196. Except as provided elsewhere in this Article, the Company hereby renounces any interest or expectancy of the Company in, or in being offered an opportunity to participate in, any potential transaction or matter which may be a corporate opportunity for both the Company and Management, about which a Director and/or Officer who is also a member of Management acquires knowledge.
197. To the extent a court might hold that the conduct of any activity related to a corporate opportunity that is renounced in this Article to be a breach of duty to the Company or its Members, the Company hereby waives, to the fullest extent permitted by Applicable Law, any and all claims and causes of action that the Company may have for such activities. To the fullest extent permitted by Applicable Law, the provisions of this Article apply equally to activities conducted in the future and that have been conducted in the past.
EXCLUSIVE JURISDICTION AND FORUM
198. Unless the Company consents in writing to the selection of an alternative forum, the courts of the Cayman Islands shall have exclusive jurisdiction over any claim or dispute arising out of or in connection with the Memorandum, the Articles or otherwise related in any way to each Member’s shareholding in the Company, including but not limited to:
(a) any derivative action or proceeding brought on behalf of the Company;
(b) any action asserting a claim of breach of any fiduciary or other duty owed by any current or former Director, Officer or other employee of the Company to the Company or the Members;
(c) any action asserting a claim arising pursuant to any provision of the Statute, the Memorandum or the Articles; or
(d) any action asserting a claim against the Company governed by the “Internal Affairs Doctrine” (as such concept is recognised under the laws of the United States of America).

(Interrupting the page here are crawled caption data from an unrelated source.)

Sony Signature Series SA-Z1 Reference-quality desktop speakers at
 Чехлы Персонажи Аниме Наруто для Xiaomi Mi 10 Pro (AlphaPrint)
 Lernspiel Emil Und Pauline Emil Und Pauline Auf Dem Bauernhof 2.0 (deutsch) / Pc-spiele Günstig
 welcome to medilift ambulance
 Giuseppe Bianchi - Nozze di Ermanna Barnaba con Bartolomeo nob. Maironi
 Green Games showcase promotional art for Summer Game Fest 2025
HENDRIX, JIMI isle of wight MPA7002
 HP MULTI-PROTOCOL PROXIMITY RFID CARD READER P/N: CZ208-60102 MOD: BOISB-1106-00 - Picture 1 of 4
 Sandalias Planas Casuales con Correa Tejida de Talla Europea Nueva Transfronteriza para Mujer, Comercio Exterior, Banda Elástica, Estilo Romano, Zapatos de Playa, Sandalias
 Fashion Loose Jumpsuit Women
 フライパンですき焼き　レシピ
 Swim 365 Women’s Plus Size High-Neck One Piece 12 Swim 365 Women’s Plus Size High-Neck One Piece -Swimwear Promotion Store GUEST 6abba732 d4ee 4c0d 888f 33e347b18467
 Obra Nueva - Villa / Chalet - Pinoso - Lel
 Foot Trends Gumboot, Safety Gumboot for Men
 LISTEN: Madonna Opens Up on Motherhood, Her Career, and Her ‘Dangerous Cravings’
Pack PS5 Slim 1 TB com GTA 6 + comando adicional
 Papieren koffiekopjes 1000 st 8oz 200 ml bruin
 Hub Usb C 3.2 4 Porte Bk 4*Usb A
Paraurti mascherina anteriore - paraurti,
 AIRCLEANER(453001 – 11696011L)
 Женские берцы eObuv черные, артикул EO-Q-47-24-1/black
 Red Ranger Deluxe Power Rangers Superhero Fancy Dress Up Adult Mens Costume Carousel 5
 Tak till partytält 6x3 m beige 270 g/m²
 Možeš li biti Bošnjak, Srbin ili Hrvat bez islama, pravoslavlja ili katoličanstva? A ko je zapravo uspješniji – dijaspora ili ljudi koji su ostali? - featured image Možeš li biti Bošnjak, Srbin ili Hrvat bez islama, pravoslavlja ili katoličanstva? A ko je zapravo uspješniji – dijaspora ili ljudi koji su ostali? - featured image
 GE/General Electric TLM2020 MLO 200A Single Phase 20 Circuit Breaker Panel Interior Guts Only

199. Each Member irrevocably submits to the exclusive jurisdiction of the courts of the Cayman Islands over all such claims or disputes.
200. Without prejudice to any other rights or remedies that the Company may have, each Member acknowledges that damages alone would not be an adequate remedy for any breach of the selection of the courts of the Cayman Islands as exclusive forum and that accordingly the Company shall be entitled, without proof of special damages, to the remedies of injunction, specific performance or other equitable relief for any threatened or actual breach of the selection of the courts of the Cayman Islands as exclusive forum.
201. These Articles 198 to 201 inclusive shall not apply to any action or suits brought to enforce any liability or duty created by the United States Securities Act of 1933, as amended, the Exchange Act, or any claim for which the federal district courts of the United States of America are, as a matter of the laws of the United States, the sole and exclusive forum for determination of such a claim.